-- What you have to do --
Word for word, copy the data that follows and skip its pictures.

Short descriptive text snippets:

▬▬▬

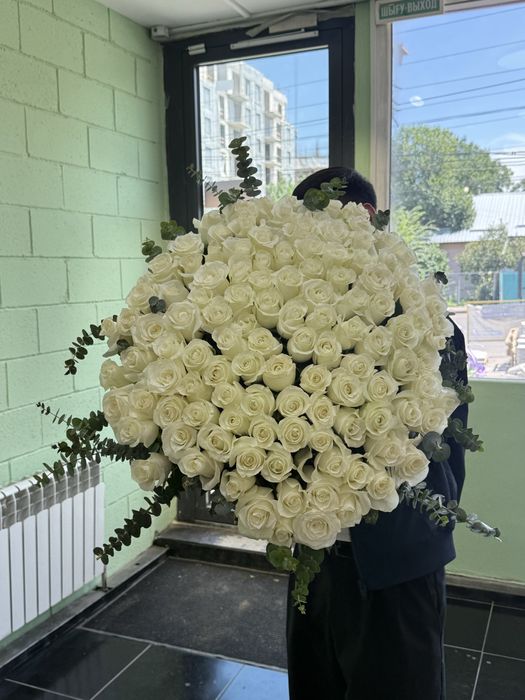 359 роза белая свежая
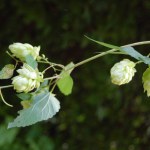 flowering hops, leaves on tree branch in summer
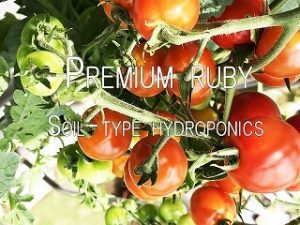  Japanese home garden、　healthiest vegetables、veggies、Cherry tomato、Baby tomato、Salad tomato、plum tomato、Premium ruby　（Cherry tomato）、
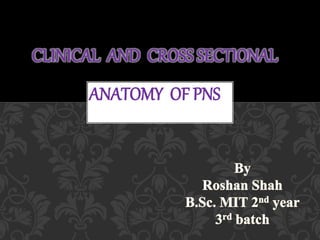 CLINICAL AND CROSS SECTIONAL
ANATOMY OF PNS
 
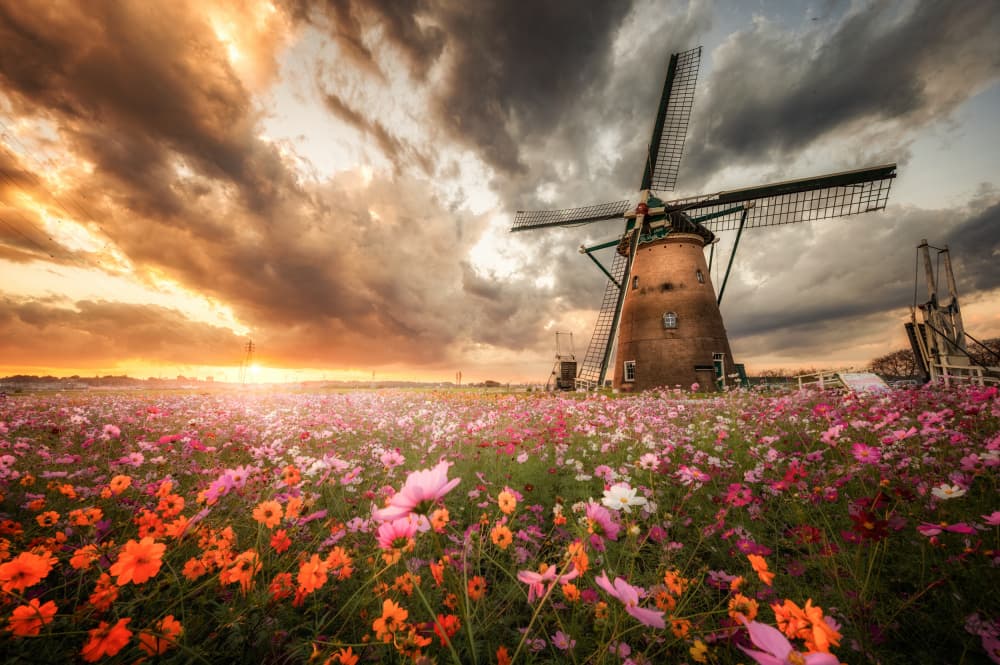 Dutch Windmill Cosmos Sunset by Daiki Suzuki — canvas wall art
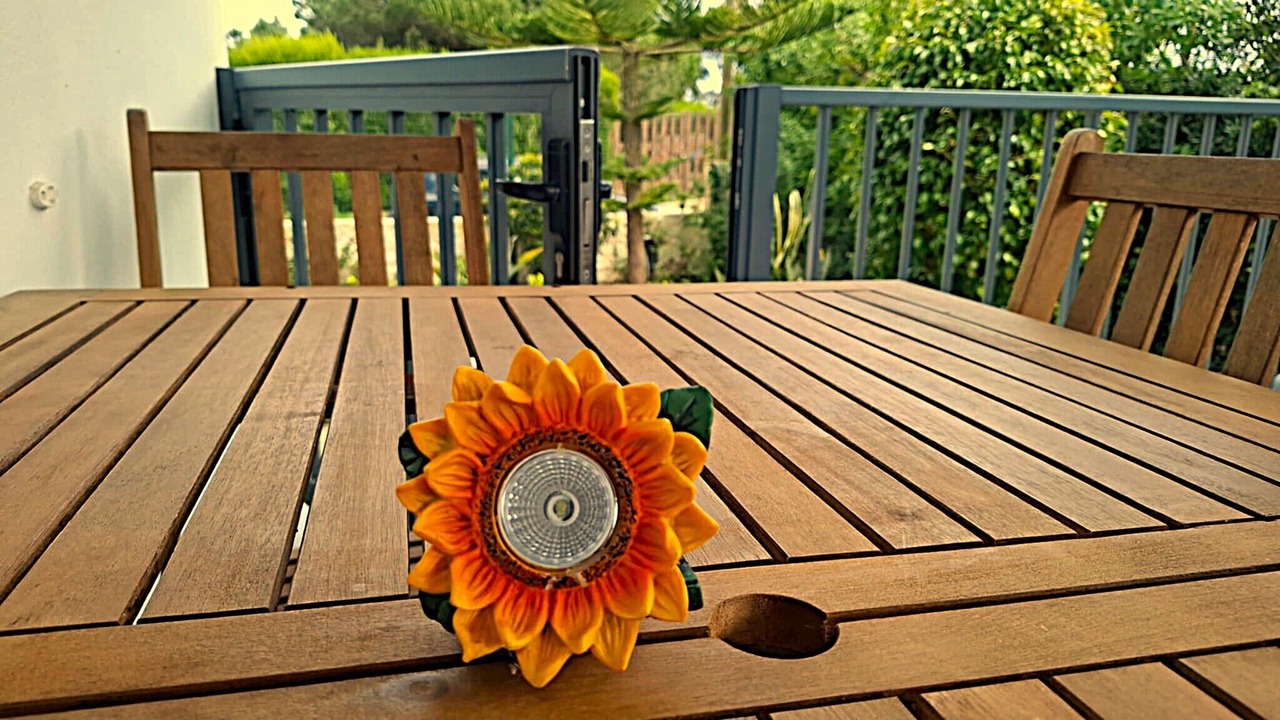 Photo of Outdoor in Aljezur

▬▬▬

-- Output for this task --
 359 роза белая свежая
 flowering hops, leaves on tree branch in summer
  Japanese home garden、　healthiest vegetables、veggies、Cherry tomato、Baby tomato、Salad tomato、plum tomato、Premium ruby　（Cherry tomato）、
 CLINICAL AND CROSS SECTIONAL
ANATOMY OF PNS
 
 Dutch Windmill Cosmos Sunset by Daiki Suzuki — canvas wall art
 Photo of Outdoor in Aljezur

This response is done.